Crawled caption data:

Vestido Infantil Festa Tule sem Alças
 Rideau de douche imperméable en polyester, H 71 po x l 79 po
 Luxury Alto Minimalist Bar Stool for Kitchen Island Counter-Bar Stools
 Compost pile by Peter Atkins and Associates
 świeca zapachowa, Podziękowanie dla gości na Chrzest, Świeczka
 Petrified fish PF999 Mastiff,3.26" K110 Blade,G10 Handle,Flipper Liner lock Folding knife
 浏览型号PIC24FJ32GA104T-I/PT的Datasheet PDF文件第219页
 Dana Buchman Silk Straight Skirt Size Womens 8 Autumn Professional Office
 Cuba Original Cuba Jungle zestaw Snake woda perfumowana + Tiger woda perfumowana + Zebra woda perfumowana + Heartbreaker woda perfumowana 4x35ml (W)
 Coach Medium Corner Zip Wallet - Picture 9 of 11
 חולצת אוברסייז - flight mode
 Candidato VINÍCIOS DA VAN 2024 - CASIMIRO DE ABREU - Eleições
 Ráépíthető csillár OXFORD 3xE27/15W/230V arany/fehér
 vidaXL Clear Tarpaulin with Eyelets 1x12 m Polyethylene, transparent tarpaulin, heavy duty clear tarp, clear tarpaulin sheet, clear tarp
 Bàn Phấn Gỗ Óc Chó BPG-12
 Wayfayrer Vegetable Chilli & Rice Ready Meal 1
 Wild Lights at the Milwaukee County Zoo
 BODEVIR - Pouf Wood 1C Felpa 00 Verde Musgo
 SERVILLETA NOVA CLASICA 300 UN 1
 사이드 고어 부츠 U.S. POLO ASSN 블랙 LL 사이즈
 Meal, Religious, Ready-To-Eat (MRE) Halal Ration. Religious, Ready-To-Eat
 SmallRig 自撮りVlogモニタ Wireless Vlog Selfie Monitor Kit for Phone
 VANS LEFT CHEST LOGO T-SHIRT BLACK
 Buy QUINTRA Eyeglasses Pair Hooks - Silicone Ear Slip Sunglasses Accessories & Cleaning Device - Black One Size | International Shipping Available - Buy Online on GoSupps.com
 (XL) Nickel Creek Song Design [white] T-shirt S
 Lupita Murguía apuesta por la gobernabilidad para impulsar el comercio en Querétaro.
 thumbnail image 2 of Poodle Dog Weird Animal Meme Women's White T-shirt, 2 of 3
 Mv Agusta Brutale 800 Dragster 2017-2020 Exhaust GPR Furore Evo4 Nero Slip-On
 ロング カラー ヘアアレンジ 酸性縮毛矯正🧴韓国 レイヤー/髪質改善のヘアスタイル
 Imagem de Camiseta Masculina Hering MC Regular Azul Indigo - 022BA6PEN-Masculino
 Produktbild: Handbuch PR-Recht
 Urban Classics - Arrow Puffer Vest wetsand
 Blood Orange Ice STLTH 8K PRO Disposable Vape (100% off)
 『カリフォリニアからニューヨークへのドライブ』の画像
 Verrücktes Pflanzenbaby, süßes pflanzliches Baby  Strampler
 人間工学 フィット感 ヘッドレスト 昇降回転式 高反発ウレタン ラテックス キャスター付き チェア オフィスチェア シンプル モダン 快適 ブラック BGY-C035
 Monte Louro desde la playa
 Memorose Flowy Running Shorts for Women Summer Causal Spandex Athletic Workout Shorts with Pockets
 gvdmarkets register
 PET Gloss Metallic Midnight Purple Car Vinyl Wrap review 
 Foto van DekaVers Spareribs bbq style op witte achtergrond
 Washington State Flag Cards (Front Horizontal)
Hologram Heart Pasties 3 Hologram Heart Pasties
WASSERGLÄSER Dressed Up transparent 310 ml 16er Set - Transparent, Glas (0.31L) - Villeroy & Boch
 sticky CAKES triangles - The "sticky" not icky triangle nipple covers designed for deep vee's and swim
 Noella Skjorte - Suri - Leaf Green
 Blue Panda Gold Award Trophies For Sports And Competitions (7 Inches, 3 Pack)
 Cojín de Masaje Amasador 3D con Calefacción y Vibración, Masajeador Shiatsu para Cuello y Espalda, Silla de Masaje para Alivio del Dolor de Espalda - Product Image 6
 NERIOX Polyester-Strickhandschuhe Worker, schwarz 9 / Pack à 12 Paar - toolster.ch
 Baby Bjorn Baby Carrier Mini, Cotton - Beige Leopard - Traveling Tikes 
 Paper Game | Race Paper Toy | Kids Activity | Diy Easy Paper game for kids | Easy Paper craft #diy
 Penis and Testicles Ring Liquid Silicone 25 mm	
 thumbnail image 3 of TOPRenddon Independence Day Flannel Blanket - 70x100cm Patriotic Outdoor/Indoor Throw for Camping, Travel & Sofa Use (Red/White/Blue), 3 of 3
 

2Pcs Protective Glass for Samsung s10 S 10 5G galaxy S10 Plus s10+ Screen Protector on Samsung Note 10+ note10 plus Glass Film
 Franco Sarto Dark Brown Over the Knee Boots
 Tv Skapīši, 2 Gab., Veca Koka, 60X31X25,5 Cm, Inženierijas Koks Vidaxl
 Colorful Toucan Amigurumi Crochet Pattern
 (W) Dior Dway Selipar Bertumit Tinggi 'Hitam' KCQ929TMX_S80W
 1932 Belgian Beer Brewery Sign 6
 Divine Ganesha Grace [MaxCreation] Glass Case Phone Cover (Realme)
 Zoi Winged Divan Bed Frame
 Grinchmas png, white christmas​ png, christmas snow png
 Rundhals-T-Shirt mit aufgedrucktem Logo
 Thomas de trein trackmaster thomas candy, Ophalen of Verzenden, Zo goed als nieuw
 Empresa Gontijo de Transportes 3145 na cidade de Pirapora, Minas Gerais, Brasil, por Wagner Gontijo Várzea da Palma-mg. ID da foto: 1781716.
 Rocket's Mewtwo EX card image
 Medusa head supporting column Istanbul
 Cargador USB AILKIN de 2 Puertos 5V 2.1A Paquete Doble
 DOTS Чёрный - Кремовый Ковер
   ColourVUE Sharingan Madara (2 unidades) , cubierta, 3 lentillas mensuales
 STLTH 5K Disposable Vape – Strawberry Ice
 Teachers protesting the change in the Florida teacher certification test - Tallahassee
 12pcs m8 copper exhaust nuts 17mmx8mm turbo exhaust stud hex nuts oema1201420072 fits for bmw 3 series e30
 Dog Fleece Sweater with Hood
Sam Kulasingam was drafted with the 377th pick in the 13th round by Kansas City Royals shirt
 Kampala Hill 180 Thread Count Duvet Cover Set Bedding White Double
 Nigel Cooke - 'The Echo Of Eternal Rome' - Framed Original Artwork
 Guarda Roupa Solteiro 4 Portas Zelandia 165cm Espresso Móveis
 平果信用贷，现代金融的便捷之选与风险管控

■ Work required:
All of the data above must be retyped exactly.

■ Exercise result:
Vestido Infantil Festa Tule sem Alças
 Rideau de douche imperméable en polyester, H 71 po x l 79 po
 Luxury Alto Minimalist Bar Stool for Kitchen Island Counter-Bar Stools
 Compost pile by Peter Atkins and Associates
 świeca zapachowa, Podziękowanie dla gości na Chrzest, Świeczka
 Petrified fish PF999 Mastiff,3.26" K110 Blade,G10 Handle,Flipper Liner lock Folding knife
 浏览型号PIC24FJ32GA104T-I/PT的Datasheet PDF文件第219页
 Dana Buchman Silk Straight Skirt Size Womens 8 Autumn Professional Office
 Cuba Original Cuba Jungle zestaw Snake woda perfumowana + Tiger woda perfumowana + Zebra woda perfumowana + Heartbreaker woda perfumowana 4x35ml (W)
 Coach Medium Corner Zip Wallet - Picture 9 of 11
 חולצת אוברסייז - flight mode
 Candidato VINÍCIOS DA VAN 2024 - CASIMIRO DE ABREU - Eleições
 Ráépíthető csillár OXFORD 3xE27/15W/230V arany/fehér
 vidaXL Clear Tarpaulin with Eyelets 1x12 m Polyethylene, transparent tarpaulin, heavy duty clear tarp, clear tarpaulin sheet, clear tarp
 Bàn Phấn Gỗ Óc Chó BPG-12
 Wayfayrer Vegetable Chilli & Rice Ready Meal 1
 Wild Lights at the Milwaukee County Zoo
 BODEVIR - Pouf Wood 1C Felpa 00 Verde Musgo
 SERVILLETA NOVA CLASICA 300 UN 1
 사이드 고어 부츠 U.S. POLO ASSN 블랙 LL 사이즈
 Meal, Religious, Ready-To-Eat (MRE) Halal Ration. Religious, Ready-To-Eat
 SmallRig 自撮りVlogモニタ Wireless Vlog Selfie Monitor Kit for Phone
 VANS LEFT CHEST LOGO T-SHIRT BLACK
 Buy QUINTRA Eyeglasses Pair Hooks - Silicone Ear Slip Sunglasses Accessories & Cleaning Device - Black One Size | International Shipping Available - Buy Online on GoSupps.com
 (XL) Nickel Creek Song Design [white] T-shirt S
 Lupita Murguía apuesta por la gobernabilidad para impulsar el comercio en Querétaro.
 thumbnail image 2 of Poodle Dog Weird Animal Meme Women's White T-shirt, 2 of 3
 Mv Agusta Brutale 800 Dragster 2017-2020 Exhaust GPR Furore Evo4 Nero Slip-On
 ロング カラー ヘアアレンジ 酸性縮毛矯正🧴韓国 レイヤー/髪質改善のヘアスタイル
 Imagem de Camiseta Masculina Hering MC Regular Azul Indigo - 022BA6PEN-Masculino
 Produktbild: Handbuch PR-Recht
 Urban Classics - Arrow Puffer Vest wetsand
 Blood Orange Ice STLTH 8K PRO Disposable Vape (100% off)
 『カリフォリニアからニューヨークへのドライブ』の画像
 Verrücktes Pflanzenbaby, süßes pflanzliches Baby  Strampler
 人間工学 フィット感 ヘッドレスト 昇降回転式 高反発ウレタン ラテックス キャスター付き チェア オフィスチェア シンプル モダン 快適 ブラック BGY-C035
 Monte Louro desde la playa
 Memorose Flowy Running Shorts for Women Summer Causal Spandex Athletic Workout Shorts with Pockets
 gvdmarkets register
 PET Gloss Metallic Midnight Purple Car Vinyl Wrap review 
 Foto van DekaVers Spareribs bbq style op witte achtergrond
 Washington State Flag Cards (Front Horizontal)
Hologram Heart Pasties 3 Hologram Heart Pasties
WASSERGLÄSER Dressed Up transparent 310 ml 16er Set - Transparent, Glas (0.31L) - Villeroy & Boch
 sticky CAKES triangles - The "sticky" not icky triangle nipple covers designed for deep vee's and swim
 Noella Skjorte - Suri - Leaf Green
 Blue Panda Gold Award Trophies For Sports And Competitions (7 Inches, 3 Pack)
 Cojín de Masaje Amasador 3D con Calefacción y Vibración, Masajeador Shiatsu para Cuello y Espalda, Silla de Masaje para Alivio del Dolor de Espalda - Product Image 6
 NERIOX Polyester-Strickhandschuhe Worker, schwarz 9 / Pack à 12 Paar - toolster.ch
 Baby Bjorn Baby Carrier Mini, Cotton - Beige Leopard - Traveling Tikes 
 Paper Game | Race Paper Toy | Kids Activity | Diy Easy Paper game for kids | Easy Paper craft #diy
 Penis and Testicles Ring Liquid Silicone 25 mm	
 thumbnail image 3 of TOPRenddon Independence Day Flannel Blanket - 70x100cm Patriotic Outdoor/Indoor Throw for Camping, Travel & Sofa Use (Red/White/Blue), 3 of 3
 

2Pcs Protective Glass for Samsung s10 S 10 5G galaxy S10 Plus s10+ Screen Protector on Samsung Note 10+ note10 plus Glass Film
 Franco Sarto Dark Brown Over the Knee Boots
 Tv Skapīši, 2 Gab., Veca Koka, 60X31X25,5 Cm, Inženierijas Koks Vidaxl
 Colorful Toucan Amigurumi Crochet Pattern
 (W) Dior Dway Selipar Bertumit Tinggi 'Hitam' KCQ929TMX_S80W
 1932 Belgian Beer Brewery Sign 6
 Divine Ganesha Grace [MaxCreation] Glass Case Phone Cover (Realme)
 Zoi Winged Divan Bed Frame
 Grinchmas png, white christmas​ png, christmas snow png
 Rundhals-T-Shirt mit aufgedrucktem Logo
 Thomas de trein trackmaster thomas candy, Ophalen of Verzenden, Zo goed als nieuw
 Empresa Gontijo de Transportes 3145 na cidade de Pirapora, Minas Gerais, Brasil, por Wagner Gontijo Várzea da Palma-mg. ID da foto: 1781716.
 Rocket's Mewtwo EX card image
 Medusa head supporting column Istanbul
 Cargador USB AILKIN de 2 Puertos 5V 2.1A Paquete Doble
 DOTS Чёрный - Кремовый Ковер
   ColourVUE Sharingan Madara (2 unidades) , cubierta, 3 lentillas mensuales
 STLTH 5K Disposable Vape – Strawberry Ice
 Teachers protesting the change in the Florida teacher certification test - Tallahassee
 12pcs m8 copper exhaust nuts 17mmx8mm turbo exhaust stud hex nuts oema1201420072 fits for bmw 3 series e30
 Dog Fleece Sweater with Hood
Sam Kulasingam was drafted with the 377th pick in the 13th round by Kansas City Royals shirt
 Kampala Hill 180 Thread Count Duvet Cover Set Bedding White Double
 Nigel Cooke - 'The Echo Of Eternal Rome' - Framed Original Artwork
 Guarda Roupa Solteiro 4 Portas Zelandia 165cm Espresso Móveis
 平果信用贷，现代金融的便捷之选与风险管控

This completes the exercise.